Dam Tamattu di Indonesia Saja

  • 11:15 WITA
  • Administrator
  • Artikel

Tahun 2001 saya bersama istri menunaikan ibadah haji. Karena kami berada di gelombang pertama, maka umumnya jemaah mengambil haji tamattu. Konsekuensinya tentu kami harus membayar dam (menyembelih hewan) seharga 350 riyal atau serata kurang lebih 1.5 juta rupiah/orang.

Kami pun dibawa ke sebuah tempat pemotongan. Saya saksikan begitu banyak kambing atau onta yang dipotong. Terlintas di kepala saya, mau dikemanakan daging sebanyak itu? Ada yang bilang itu dikalengkan lalu dibagi. Ada yang bilang dibagi di sekitar tanah haram, dan lain-lain.

Di sisi lain, sayup-sayup saya mendengar adanya oknum yang berbisnis DAM ini. Konon jika bisa menangani bisnis ini, dipastikan bisa ke tanah suci berulang-ulang dengan memanfaatkan dana hasil dari bisnis dam ini.

Ahhh... sudahlah itu memang cerita masa lalu saat saya berhaji. Saat ini saya memikirkan bagaimana efektivitas distribusi daging dam itu dengan mengkaji aspek hukum.

*Kemaslahatan Umat*

Islam diturunkan sebagai rahmat bagi semesta alam. Seluruh hukum di dalamnya, baik yang menyangkut ibadah maupun muamalah, tak lain ditujukan untuk kemaslahatan manusia. Dalam khazanah keilmuan Islam, dikenal istilah maqashid syari'ah—tujuan-tujuan syariat—yang mencakup perlindungan terhadap agama, jiwa, akal, keturunan, dan harta. Maka setiap hukum yang ditegakkan, hakikatnya menjawab kebutuhan zaman dan menjaga nilai-nilai dasar tersebut.

Salah satu bentuk pelaksanaan syariat dalam ibadah haji adalah pelunasan dam tamattu’—denda yang dikenakan bagi mereka yang mengambil haji tamattu' atau qiran. Selama ini, pelaksanaan dam dilakukan di Tanah Suci, mengikuti pendapat mayoritas ulama dan praktik para jemaah sejak masa awal Islam. Hewan disembelih di Makkah atau sekitarnya, dan dagingnya dibagikan kepada kaum miskin di sana.

Namun, realitas dunia telah berubah. Jumlah jemaah haji hari ini bukan lagi ribuan, melainkan jutaan. Jumlah orang miskin di Makkah juga jauh berkurang dibanding negara-negara asal para jemaah, termasuk Indonesia.
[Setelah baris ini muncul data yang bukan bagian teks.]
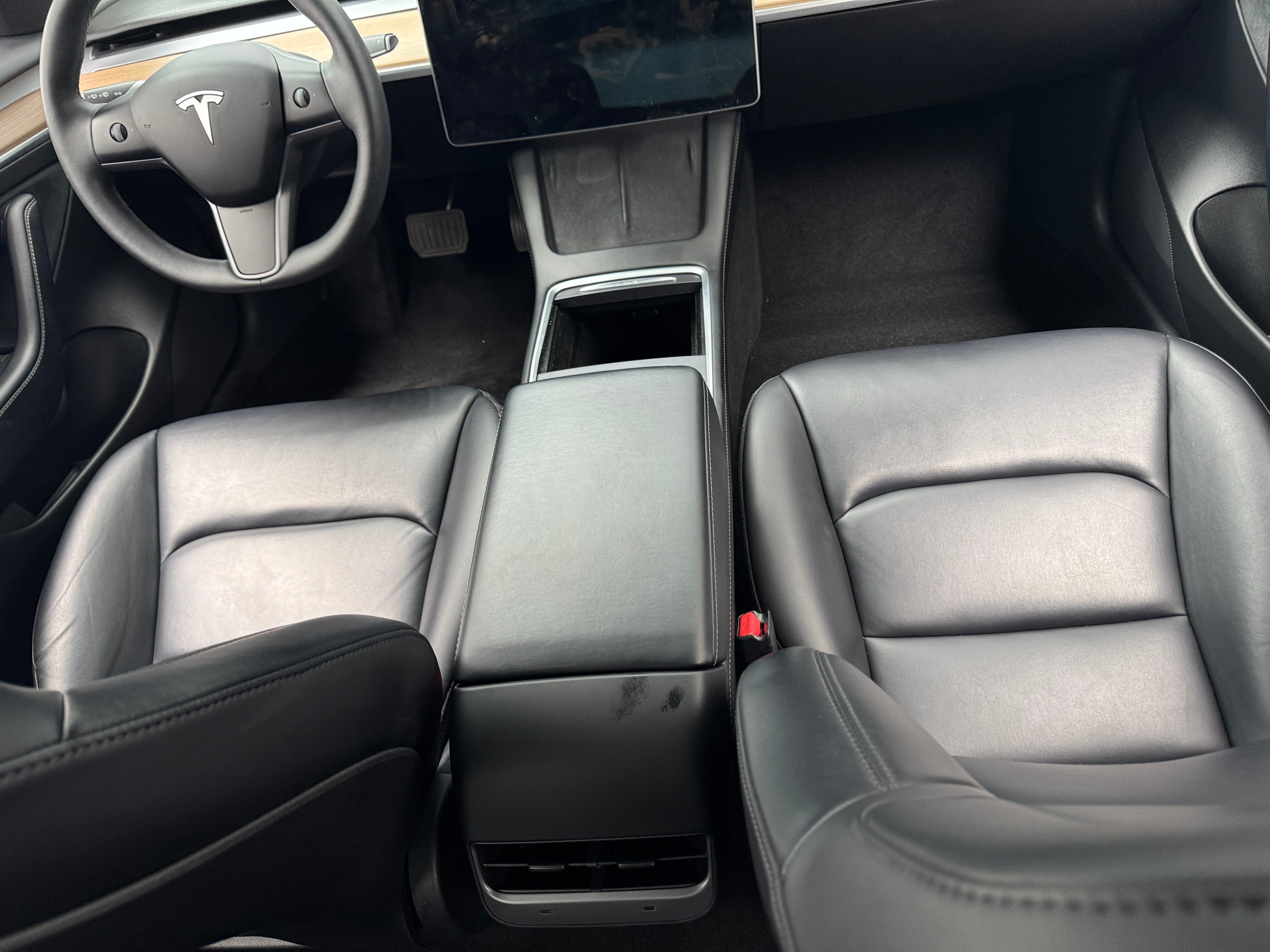 Used 2022 Tesla Model 3 Long Range with VIN 5YJ3E1EB3NF121709 for sale in Pewaukee, WI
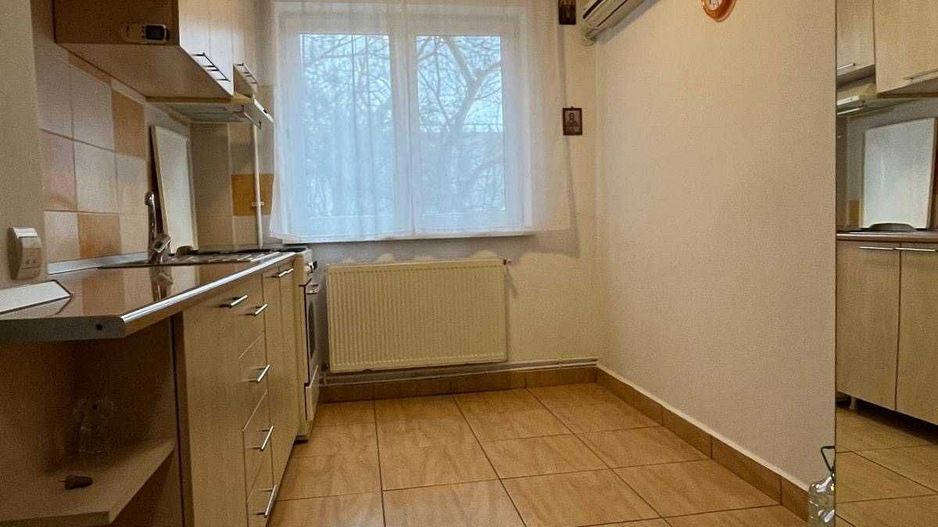 Apartament 3 camere,  Ultracentral - Poză 3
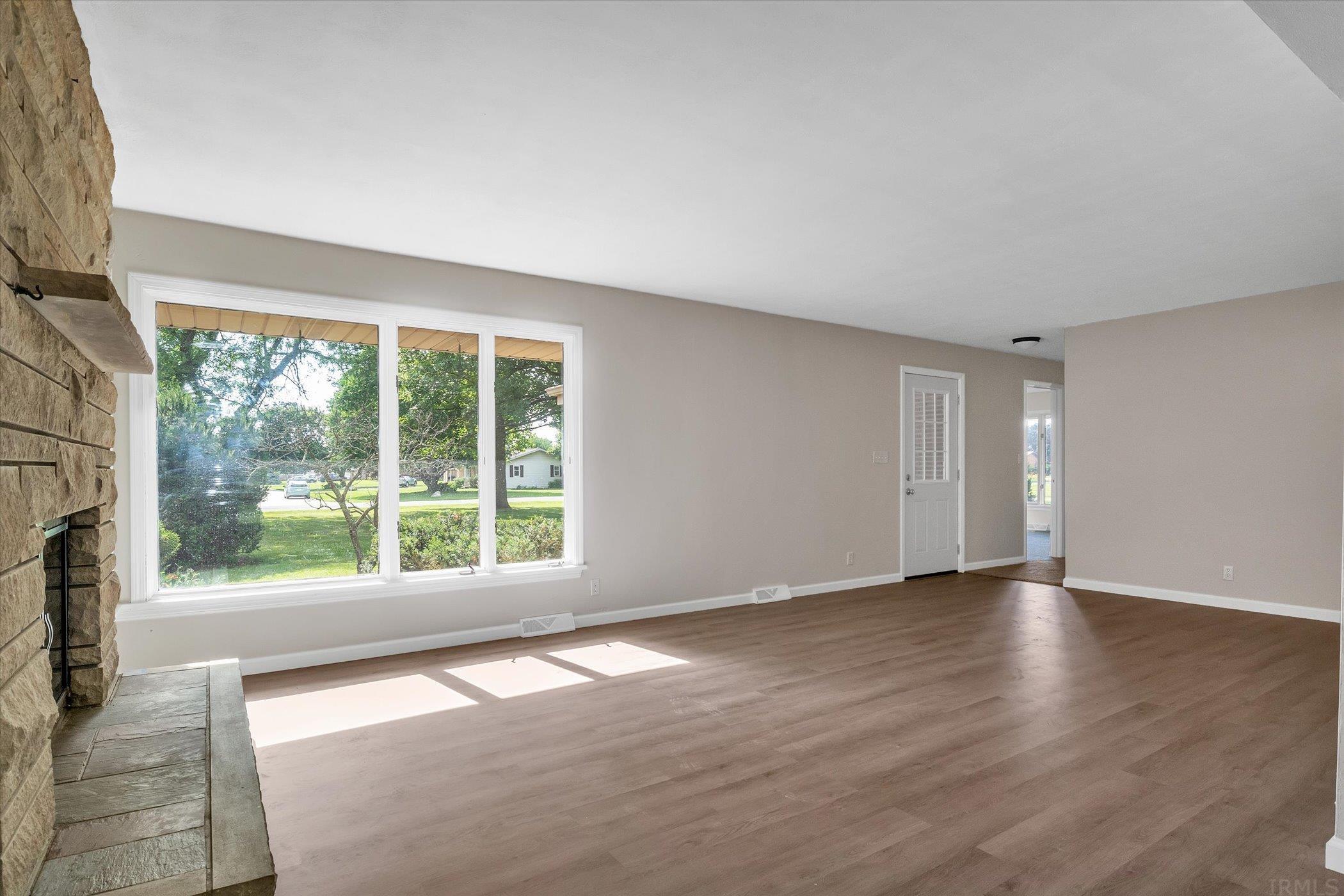 51700 Orange Road South Bend, IN 46628 - Photo 6 of 36 Gallery Image 6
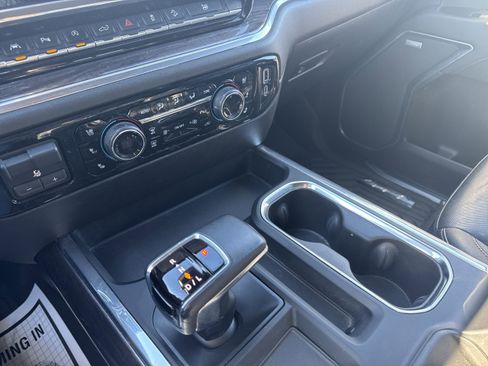 Used 2022 Chevrolet Silverado 1500 LTZ w/ LTZ Premium Package image 16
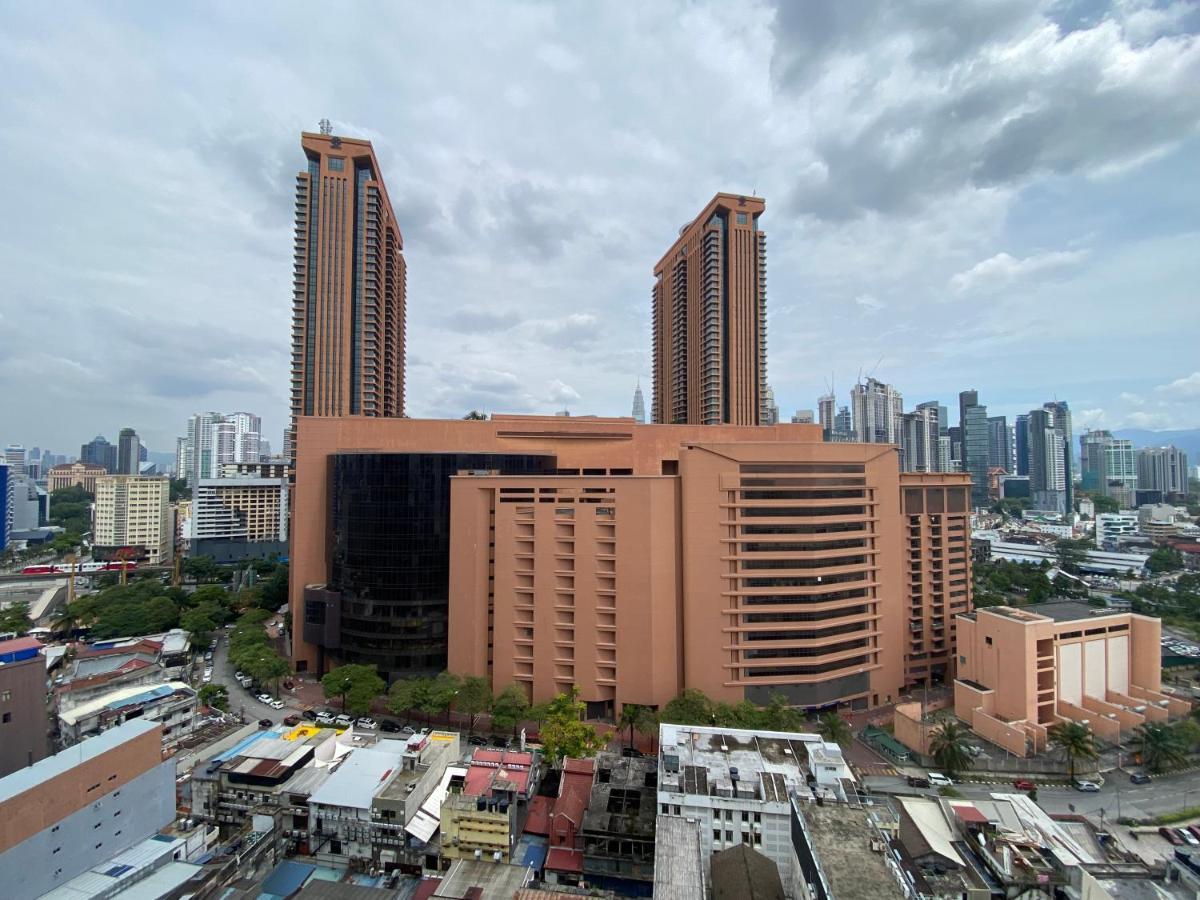 Spacious 3R,2R,Studio 5Min Walk To Time Square,Lalaport, Pool,Gym,Wifi Lägenhet Kuala Lumpur Exteriör bild
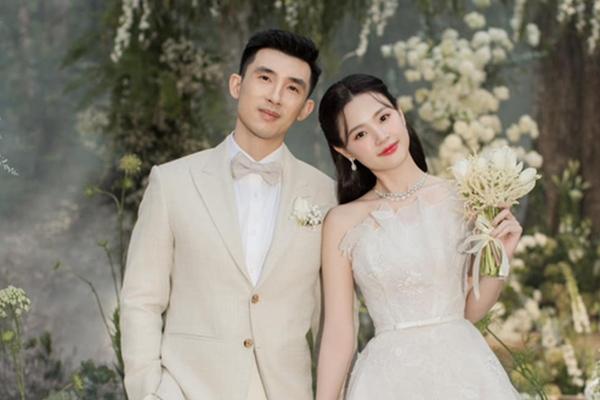 Tình bạn ít ai ngờ ở Vbiz: Midu - Mai Phương Thúy kín tiếng, chưa sốc bằng mối quan hệ giữa Sơn Tùng và nữ ca sĩ này-5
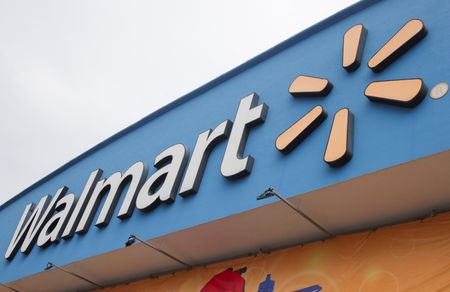 Walmart unveils new GenAI search tech for shoppers at CES | Datafloq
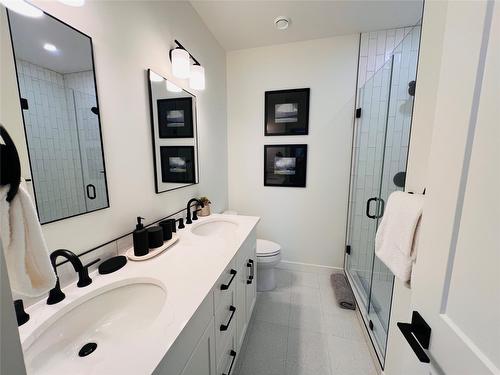 403-514 14Th Street, Invermere, BC - Indoor Photo Showing Bathroom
Maka timbul pertanyaan: apakah kemaslahatan dari dam masih tercapai jika dagingnya sulit menjangkau mereka yang benar-benar membutuhkan?

Fleksibilitas hukum Islam membuka ruang bagi para ulama dan pemerintah untuk menyesuaikan penerapan hukum dengan kondisi aktual. Ketika Nabi Muhammad SAW menyebut bahwa dam disembelih di Makkah, konteks saat itu memungkinkan penyaluran daging secara efektif kepada warga miskin di wilayah tersebut. Namun kini, distribusi daging hewan di Tanah Suci berpotensi tidak tepat sasaran, bahkan tak jarang hewan yang disembelih tak dimanfaatkan secara maksimal.

Di sinilah muncul gagasan: bagaimana jika dam tamattu’ dilaksanakan di Indonesia saja? Di mana hewan disembelih di tanah air dan dagingnya diberikan kepada kaum dhuafa yang jumlahnya jauh lebih banyak dan lebih membutuhkan?

Wacana ini kini mulai dipertimbangkan oleh Kementerian Agama. Menteri Agama menggandeng Majelis Ulama Indonesia untuk mengkaji ulang fatwa yang ada, agar ada reinterpretasi hukum yang tetap sesuai dengan maqashid syari’ah. Gagasan ini tentu belum menjadi kebijakan. Masih perlu pembahasan mendalam, regulasi teknis, dan sistem pelaksanaan yang rapi agar tak mengurangi kekhusyukan ibadah maupun keabsahan hukum syar’i.

Namun satu hal yang pasti: ketika hukum Islam dibaca dengan jernih dan diterapkan dengan bijak, maka ia akan selalu relevan, menjawab tantangan zaman, dan memberi maslahat seluas-luasnya.